Micron has a habit of building interesting research prototypes that offer a vague hope of commercialization for the sheer purpose of learning how to make its own memory and storage subsystem approaches more tuned to next generation applications.
We saw this a few years ago with the Automata processor, which was a neuromorphic inspired bit of hardware that focused on large-scale pattern recognition. That project has since folded internally and moved into a privately funded effort from a startup aiming to make it market ready, which is to say that it has all but disappeared from view since that was a couple of years ago.
There is more here for anyone interested in the Automata architecture, but for those curious about why Micron wants to get into the accelerator business with one-off silicon projects like that or its newly announced deep learning accelerator (DLA) for inference, it’s far less about commercial success than it is learning how to tune memory and storage systems for AI on custom accelerators. In fact, the market viability of such a chip would be a delightful bonus since the real value is getting a firsthand understanding of what deep learning applications need out of memory and storage subsystems.

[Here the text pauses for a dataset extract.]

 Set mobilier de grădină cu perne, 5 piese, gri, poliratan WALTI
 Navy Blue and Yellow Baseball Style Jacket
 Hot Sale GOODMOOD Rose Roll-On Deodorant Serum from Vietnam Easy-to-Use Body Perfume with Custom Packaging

This deep learning accelerator might be counted among those on the market (and that’s a list too long to keep these days) but we do not expect the company to make a concentrated push to go after a large share. This is for the same reasons we don’t expect much to emerge into IBM’s product line from its research divisions. They are all efforts to build better mainstream products. If there is commercial gain, great, but it is not the wellspring of motivation.

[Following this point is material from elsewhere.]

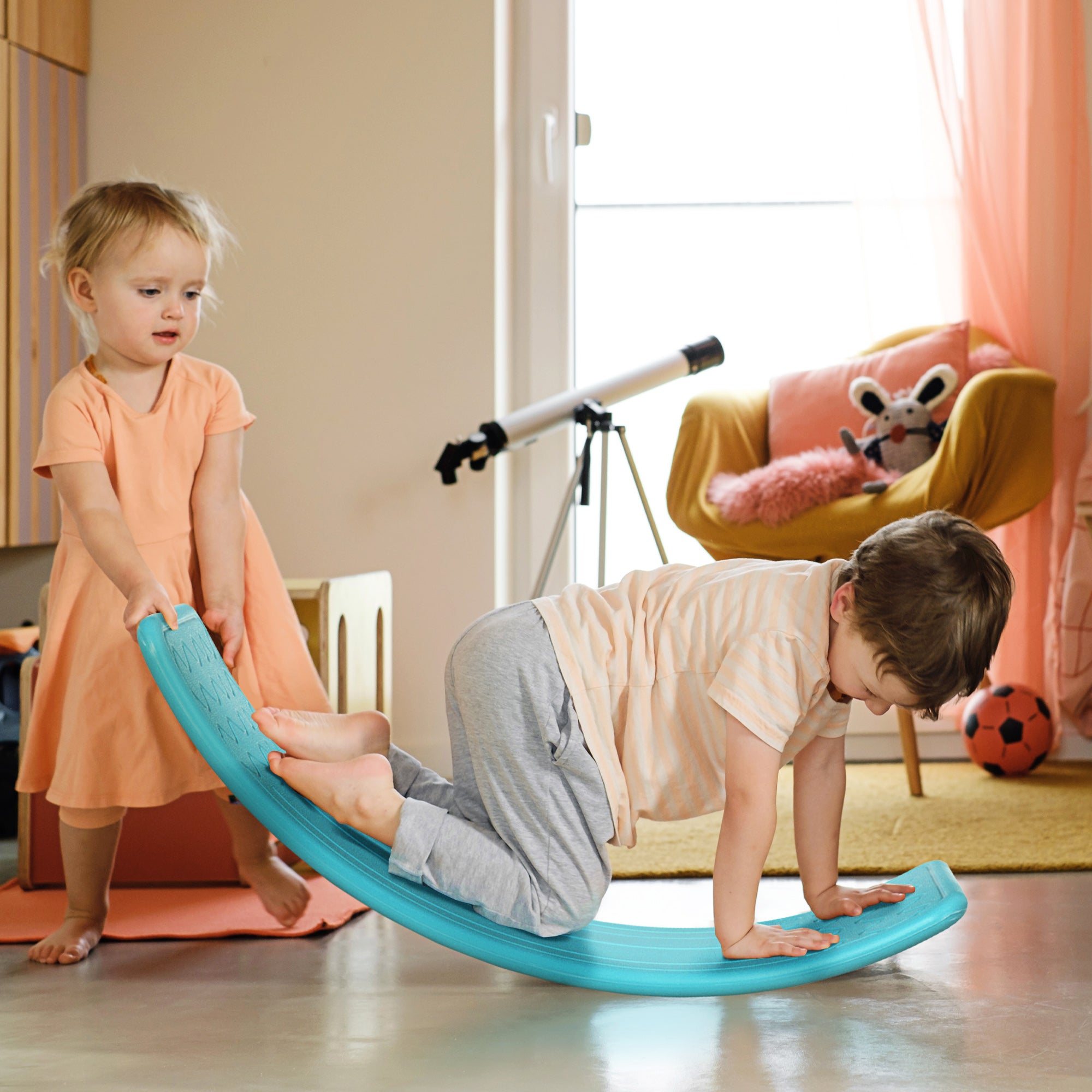 Balance Board for Kids Ages 3-6 Montessori Toy - Blue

Nonetheless, it is worth taking a quick look at what Micron has done with its inference accelerator since it could set the tone for what we may see in other products functionally, especially for inference at the edge.
Last year, Micron bought a small FPGA-based startup that spun out of Purdue University called FWDNXT (as in “Forward Next”). It also acquired FPGA startup, Pico Computing, in 2015 and has since been hard at work looking for where reprogrammable devices will fit for future applications and what to bake into memory to make those perform better and more efficiently.
The FWDNXT technology is at the heart of Micron’s new FPGA based deep learning accelerator, which gets some added internal expertise from Micron via the Pico assets. The architecture is similar to what we’ve seen in the market over the last few years for AI. A sea of multiply/accumulate units geared toward matrix vector multiply and the ability to do some of the key non-linear transfer functions. Micron took the FWDNXT platform against some tough problems and worked to do things like build tensor primitives inside the memory (so instead of floating point based scatter gather they could go fetch a matrix sitting in a buffer versus going over memory) They have also used the platform to build a software framework that is hands-off from an FPGA programming perspective (just specifying the neural network).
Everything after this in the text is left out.